[Stored data — start]
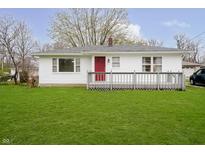 Charming single-story home with a red front door, white siding, and a well-manicured lawn at 217 S 17Th Ave, Beech Grove, IN 46107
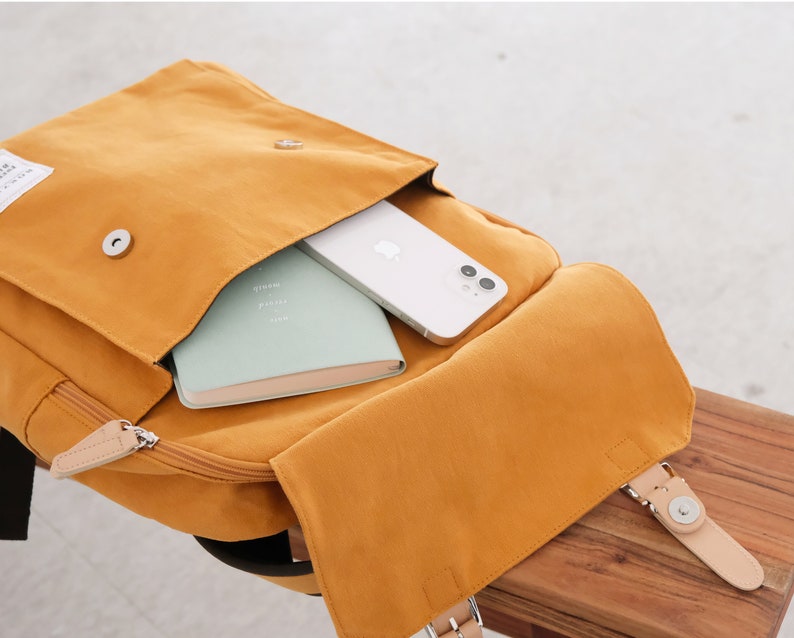 May include: A mustard yellow canvas backpack with a large flap pocket. The pocket is open and a white phone and a green notebook are inside. The backpack has a brown leather strap and a brown leather buckle.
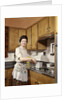 1960s Woman Housewife Wearing An Apron Stirring Cooking Pot At Kitchen Stove by Anonymous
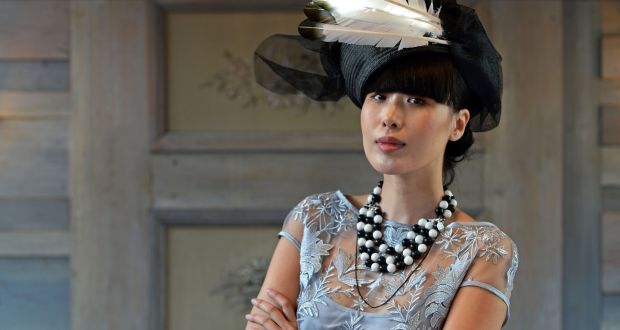 Model Yomiko Chen wears a hat by Marie-Claire Ferguson and jewellery by Melissa Curry at the launch of the Arthur Cox fashion showcase. Photograph: Eric Luke/The Irish Times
[Stored data — finish]
Write the lines out word for word, starting at the one with "May include: A" and stopping after the last line of the material above, with pictures excluded.

■ Output of the task
 May include: A mustard yellow canvas backpack with a large flap pocket. The pocket is open and a white phone and a green notebook are inside. The backpack has a brown leather strap and a brown leather buckle.
 1960s Woman Housewife Wearing An Apron Stirring Cooking Pot At Kitchen Stove by Anonymous
 Model Yomiko Chen wears a hat by Marie-Claire Ferguson and jewellery by Melissa Curry at the launch of the Arthur Cox fashion showcase. Photograph: Eric Luke/The Irish Times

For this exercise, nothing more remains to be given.